Eat and live like a Japanese Zen Buddhist monk by staying at a temple in Japan. Shukubō 「Japanese temple lodgings, 宿坊」 are offered throughout the entire country.

Zen Buddhist monks are vegetarian, and when staying at a shukubō visitors are usually served the same cuisine enjoyed by the monks.

Zen Buddhist vegetarian cuisine
「shōjin ryōri, 精進料理」

Shōjin ryōri 「vegetarian cuisine, 精進料理」 at Renge-in, Kōya-san
NIKON D5200 (35mm, f/1.8, 1/25 sec, ISO100)
Shōjin ryōri 「vegetarian cuisine, 精進料理」 at Renge-in, Kōya-san

Shōjin ryōri「Zen Buddhist vegetarian cuisine, 精進料理」 is totally fish, meat and egg free. All meals feature rice and miso soup, plus any number of side dishes usually served in courses.

Served for dinner during my stay at Renge-in Temple「Renge-in, 蓮花院」 at Mount Kōya 「Kōya-san, 高野山」 two courses were served. Some of the delicious sides included: a vinegared dish with lily bulb, cucumber,
Japanese ginger and Daitokuji wheat gluten; tempura (deep fried) vegetables; mochi (rice cakes); and seasonal fruit. Dinner and breakfast are usually included with each night’s stay. The courses were served on small lacquerware tables on tatami mats.

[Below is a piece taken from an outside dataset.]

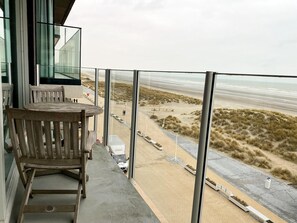 Un balcon avec vue sur la plage, une chaise en bois et une table.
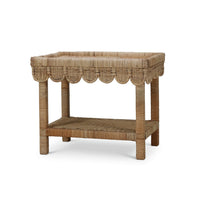 Rattan table with scalloped edge, angled back view.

Renge-in was a great temple to stay at, it’s right in the middle of the Koya township, with easy access to many of the sites – including the Danjo Garan (one of my favourite places in the area).

Eating in Japan as a vegan or vegetarian

Many of my vegan and vegetarian friends have said that they wouldn’t travel to Japan, simply because it would be too hard for them to eat. With shōjin ryōri food served at shukubō temple lodgings, fussy eaters can enjoy delicious animal free meals!